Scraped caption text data
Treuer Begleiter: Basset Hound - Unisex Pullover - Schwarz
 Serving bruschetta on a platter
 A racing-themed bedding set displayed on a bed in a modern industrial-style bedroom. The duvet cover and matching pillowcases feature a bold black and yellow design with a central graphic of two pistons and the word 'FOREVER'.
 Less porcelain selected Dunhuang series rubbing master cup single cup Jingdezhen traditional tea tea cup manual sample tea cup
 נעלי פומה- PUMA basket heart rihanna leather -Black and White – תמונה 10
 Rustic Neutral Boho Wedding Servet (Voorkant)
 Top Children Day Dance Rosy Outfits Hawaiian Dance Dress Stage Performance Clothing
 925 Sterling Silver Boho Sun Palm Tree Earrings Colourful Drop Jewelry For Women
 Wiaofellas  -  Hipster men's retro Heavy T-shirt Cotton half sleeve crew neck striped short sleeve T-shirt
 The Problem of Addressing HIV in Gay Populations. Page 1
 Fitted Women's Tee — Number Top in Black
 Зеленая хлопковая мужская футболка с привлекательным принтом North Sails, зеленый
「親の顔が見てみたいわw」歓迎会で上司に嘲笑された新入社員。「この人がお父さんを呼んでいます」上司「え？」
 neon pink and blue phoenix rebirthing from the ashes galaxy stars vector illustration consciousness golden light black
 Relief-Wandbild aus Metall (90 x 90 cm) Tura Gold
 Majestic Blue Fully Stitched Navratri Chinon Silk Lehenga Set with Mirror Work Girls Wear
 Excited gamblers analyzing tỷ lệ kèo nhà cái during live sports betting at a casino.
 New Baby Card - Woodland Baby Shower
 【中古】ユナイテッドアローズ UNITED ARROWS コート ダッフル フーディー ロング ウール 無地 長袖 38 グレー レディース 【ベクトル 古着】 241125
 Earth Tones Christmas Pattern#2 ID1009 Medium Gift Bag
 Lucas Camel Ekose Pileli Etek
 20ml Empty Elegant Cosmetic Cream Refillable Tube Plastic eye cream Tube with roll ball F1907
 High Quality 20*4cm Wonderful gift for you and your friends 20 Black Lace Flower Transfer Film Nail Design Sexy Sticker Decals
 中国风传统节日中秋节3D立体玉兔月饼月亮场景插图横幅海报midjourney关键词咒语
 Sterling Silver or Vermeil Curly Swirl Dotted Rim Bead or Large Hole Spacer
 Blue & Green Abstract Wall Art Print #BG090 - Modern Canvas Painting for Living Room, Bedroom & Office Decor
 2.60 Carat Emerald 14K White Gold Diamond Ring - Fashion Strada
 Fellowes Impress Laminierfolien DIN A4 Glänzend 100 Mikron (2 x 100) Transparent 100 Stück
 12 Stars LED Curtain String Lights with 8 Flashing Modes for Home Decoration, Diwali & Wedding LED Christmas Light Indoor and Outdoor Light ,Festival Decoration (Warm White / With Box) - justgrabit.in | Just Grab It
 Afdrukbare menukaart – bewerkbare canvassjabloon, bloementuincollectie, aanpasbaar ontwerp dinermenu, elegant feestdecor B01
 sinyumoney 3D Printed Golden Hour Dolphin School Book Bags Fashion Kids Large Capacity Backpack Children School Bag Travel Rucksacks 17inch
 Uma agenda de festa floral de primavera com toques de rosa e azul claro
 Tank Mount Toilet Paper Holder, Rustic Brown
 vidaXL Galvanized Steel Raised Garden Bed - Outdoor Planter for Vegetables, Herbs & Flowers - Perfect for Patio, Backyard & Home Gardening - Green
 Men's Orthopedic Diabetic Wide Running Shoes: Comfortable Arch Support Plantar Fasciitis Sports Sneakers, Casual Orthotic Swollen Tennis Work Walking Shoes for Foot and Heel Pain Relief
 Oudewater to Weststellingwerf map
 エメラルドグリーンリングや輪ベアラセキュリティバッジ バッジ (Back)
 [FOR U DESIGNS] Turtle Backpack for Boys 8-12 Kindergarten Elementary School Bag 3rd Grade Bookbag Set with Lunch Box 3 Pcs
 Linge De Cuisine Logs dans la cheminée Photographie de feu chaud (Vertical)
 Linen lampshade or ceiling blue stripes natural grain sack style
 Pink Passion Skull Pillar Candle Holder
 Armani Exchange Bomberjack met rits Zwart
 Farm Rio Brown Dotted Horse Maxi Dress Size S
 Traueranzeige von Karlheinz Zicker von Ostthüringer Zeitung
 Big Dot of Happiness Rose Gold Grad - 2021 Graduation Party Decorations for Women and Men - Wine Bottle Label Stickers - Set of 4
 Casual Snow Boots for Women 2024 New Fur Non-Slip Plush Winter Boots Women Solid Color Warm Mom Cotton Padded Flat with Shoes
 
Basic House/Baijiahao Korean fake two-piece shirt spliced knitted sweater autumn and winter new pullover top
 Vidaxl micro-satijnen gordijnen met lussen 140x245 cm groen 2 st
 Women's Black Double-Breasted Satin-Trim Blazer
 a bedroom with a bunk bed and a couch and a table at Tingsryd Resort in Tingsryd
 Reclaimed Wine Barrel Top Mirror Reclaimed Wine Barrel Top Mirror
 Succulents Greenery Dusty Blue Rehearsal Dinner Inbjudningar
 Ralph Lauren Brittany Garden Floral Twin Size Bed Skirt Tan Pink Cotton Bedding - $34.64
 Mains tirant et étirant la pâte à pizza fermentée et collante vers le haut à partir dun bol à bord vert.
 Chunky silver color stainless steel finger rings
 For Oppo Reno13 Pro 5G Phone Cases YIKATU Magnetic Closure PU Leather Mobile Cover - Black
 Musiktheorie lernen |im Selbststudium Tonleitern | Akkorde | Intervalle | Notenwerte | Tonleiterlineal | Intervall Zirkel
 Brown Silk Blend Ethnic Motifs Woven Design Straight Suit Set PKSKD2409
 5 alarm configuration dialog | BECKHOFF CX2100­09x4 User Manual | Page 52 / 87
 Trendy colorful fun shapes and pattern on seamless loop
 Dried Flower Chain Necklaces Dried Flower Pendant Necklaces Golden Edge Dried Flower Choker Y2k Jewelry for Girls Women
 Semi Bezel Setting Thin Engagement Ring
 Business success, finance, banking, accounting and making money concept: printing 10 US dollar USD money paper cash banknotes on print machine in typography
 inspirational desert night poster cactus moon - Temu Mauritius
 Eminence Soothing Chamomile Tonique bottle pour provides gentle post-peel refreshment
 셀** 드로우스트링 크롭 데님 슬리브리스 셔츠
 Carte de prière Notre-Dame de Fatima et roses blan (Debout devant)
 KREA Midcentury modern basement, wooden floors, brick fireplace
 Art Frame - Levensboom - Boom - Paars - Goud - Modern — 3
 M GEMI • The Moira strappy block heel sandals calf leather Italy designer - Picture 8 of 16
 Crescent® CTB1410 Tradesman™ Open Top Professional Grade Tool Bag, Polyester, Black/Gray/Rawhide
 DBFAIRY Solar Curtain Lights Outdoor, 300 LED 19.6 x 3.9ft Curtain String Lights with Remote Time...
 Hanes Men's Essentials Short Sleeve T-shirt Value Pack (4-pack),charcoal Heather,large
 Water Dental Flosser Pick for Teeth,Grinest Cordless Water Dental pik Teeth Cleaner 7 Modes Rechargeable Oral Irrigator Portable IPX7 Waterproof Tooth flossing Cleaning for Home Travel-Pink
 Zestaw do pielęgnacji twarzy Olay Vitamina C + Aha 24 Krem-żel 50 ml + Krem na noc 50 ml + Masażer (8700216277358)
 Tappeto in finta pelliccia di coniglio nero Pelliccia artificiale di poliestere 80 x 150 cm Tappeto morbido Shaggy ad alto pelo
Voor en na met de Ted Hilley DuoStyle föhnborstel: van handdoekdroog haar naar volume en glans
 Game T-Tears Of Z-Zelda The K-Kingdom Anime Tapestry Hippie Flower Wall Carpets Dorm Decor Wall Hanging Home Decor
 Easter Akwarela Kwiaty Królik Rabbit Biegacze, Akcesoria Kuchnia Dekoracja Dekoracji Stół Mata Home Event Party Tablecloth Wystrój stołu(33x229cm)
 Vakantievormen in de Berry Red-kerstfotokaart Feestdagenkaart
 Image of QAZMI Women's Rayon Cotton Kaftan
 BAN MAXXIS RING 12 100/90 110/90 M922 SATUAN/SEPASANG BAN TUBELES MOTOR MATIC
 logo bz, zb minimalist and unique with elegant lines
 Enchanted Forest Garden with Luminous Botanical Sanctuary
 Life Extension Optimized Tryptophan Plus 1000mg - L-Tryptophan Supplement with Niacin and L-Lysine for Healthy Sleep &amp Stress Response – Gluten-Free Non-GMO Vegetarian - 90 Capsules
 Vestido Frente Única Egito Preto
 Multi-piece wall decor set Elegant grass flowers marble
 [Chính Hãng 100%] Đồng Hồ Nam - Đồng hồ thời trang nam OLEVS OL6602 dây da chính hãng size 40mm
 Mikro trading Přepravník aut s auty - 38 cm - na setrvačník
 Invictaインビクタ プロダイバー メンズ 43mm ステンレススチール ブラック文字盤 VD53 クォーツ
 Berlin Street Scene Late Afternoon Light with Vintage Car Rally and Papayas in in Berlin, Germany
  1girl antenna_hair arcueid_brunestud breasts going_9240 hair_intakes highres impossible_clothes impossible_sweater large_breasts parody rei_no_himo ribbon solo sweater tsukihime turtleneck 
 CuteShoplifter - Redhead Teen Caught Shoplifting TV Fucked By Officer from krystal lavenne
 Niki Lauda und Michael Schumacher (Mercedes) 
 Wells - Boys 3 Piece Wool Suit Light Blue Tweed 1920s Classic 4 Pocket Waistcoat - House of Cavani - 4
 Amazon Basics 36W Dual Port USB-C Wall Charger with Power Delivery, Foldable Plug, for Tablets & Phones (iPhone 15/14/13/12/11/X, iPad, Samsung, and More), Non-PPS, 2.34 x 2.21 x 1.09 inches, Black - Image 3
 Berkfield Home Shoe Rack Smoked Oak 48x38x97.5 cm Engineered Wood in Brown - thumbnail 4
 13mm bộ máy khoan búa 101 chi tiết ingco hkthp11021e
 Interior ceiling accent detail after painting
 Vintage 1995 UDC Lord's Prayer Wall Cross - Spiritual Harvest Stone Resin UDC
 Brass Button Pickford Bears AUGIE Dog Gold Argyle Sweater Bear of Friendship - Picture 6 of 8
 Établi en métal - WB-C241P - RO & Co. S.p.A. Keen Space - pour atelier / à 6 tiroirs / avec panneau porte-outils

The problem:
One stretch of the lines above is wanted, from the line that contains "Less porcelain selected" through the line that contains "中国风传统节日中秋节3D立体". Output it exactly.

Answer to this exercise:
 Less porcelain selected Dunhuang series rubbing master cup single cup Jingdezhen traditional tea tea cup manual sample tea cup
 נעלי פומה- PUMA basket heart rihanna leather -Black and White – תמונה 10
 Rustic Neutral Boho Wedding Servet (Voorkant)
 Top Children Day Dance Rosy Outfits Hawaiian Dance Dress Stage Performance Clothing
 925 Sterling Silver Boho Sun Palm Tree Earrings Colourful Drop Jewelry For Women
 Wiaofellas  -  Hipster men's retro Heavy T-shirt Cotton half sleeve crew neck striped short sleeve T-shirt
 The Problem of Addressing HIV in Gay Populations. Page 1
 Fitted Women's Tee — Number Top in Black
 Зеленая хлопковая мужская футболка с привлекательным принтом North Sails, зеленый
「親の顔が見てみたいわw」歓迎会で上司に嘲笑された新入社員。「この人がお父さんを呼んでいます」上司「え？」
 neon pink and blue phoenix rebirthing from the ashes galaxy stars vector illustration consciousness golden light black
 Relief-Wandbild aus Metall (90 x 90 cm) Tura Gold
 Majestic Blue Fully Stitched Navratri Chinon Silk Lehenga Set with Mirror Work Girls Wear
 Excited gamblers analyzing tỷ lệ kèo nhà cái during live sports betting at a casino.
 New Baby Card - Woodland Baby Shower
 【中古】ユナイテッドアローズ UNITED ARROWS コート ダッフル フーディー ロング ウール 無地 長袖 38 グレー レディース 【ベクトル 古着】 241125
 Earth Tones Christmas Pattern#2 ID1009 Medium Gift Bag
 Lucas Camel Ekose Pileli Etek
 20ml Empty Elegant Cosmetic Cream Refillable Tube Plastic eye cream Tube with roll ball F1907
 High Quality 20*4cm Wonderful gift for you and your friends 20 Black Lace Flower Transfer Film Nail Design Sexy Sticker Decals
 中国风传统节日中秋节3D立体玉兔月饼月亮场景插图横幅海报midjourney关键词咒语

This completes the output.